Task input
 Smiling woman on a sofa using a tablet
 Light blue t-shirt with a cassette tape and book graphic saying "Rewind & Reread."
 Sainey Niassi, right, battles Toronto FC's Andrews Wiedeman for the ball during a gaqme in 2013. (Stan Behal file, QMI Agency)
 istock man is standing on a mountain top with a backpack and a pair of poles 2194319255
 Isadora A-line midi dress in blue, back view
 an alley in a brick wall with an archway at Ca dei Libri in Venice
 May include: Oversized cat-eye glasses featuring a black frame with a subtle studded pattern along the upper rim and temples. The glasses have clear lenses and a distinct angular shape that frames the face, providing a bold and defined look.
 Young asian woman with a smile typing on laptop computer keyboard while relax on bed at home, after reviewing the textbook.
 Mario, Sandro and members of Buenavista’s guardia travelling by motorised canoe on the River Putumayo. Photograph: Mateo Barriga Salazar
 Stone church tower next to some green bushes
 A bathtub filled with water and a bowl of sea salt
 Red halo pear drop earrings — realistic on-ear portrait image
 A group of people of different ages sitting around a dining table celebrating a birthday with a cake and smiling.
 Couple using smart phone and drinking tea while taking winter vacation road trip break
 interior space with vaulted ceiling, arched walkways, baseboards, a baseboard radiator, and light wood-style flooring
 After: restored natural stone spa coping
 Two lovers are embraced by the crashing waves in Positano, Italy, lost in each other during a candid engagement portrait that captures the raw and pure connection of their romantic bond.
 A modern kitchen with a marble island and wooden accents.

Required work
Reproduce all the data exactly. Include every line.

Answer for this exercise
 Smiling woman on a sofa using a tablet
 Light blue t-shirt with a cassette tape and book graphic saying "Rewind & Reread."
 Sainey Niassi, right, battles Toronto FC's Andrews Wiedeman for the ball during a gaqme in 2013. (Stan Behal file, QMI Agency)
 istock man is standing on a mountain top with a backpack and a pair of poles 2194319255
 Isadora A-line midi dress in blue, back view
 an alley in a brick wall with an archway at Ca dei Libri in Venice
 May include: Oversized cat-eye glasses featuring a black frame with a subtle studded pattern along the upper rim and temples. The glasses have clear lenses and a distinct angular shape that frames the face, providing a bold and defined look.
 Young asian woman with a smile typing on laptop computer keyboard while relax on bed at home, after reviewing the textbook.
 Mario, Sandro and members of Buenavista’s guardia travelling by motorised canoe on the River Putumayo. Photograph: Mateo Barriga Salazar
 Stone church tower next to some green bushes
 A bathtub filled with water and a bowl of sea salt
 Red halo pear drop earrings — realistic on-ear portrait image
 A group of people of different ages sitting around a dining table celebrating a birthday with a cake and smiling.
 Couple using smart phone and drinking tea while taking winter vacation road trip break
 interior space with vaulted ceiling, arched walkways, baseboards, a baseboard radiator, and light wood-style flooring
 After: restored natural stone spa coping
 Two lovers are embraced by the crashing waves in Positano, Italy, lost in each other during a candid engagement portrait that captures the raw and pure connection of their romantic bond.
 A modern kitchen with a marble island and wooden accents.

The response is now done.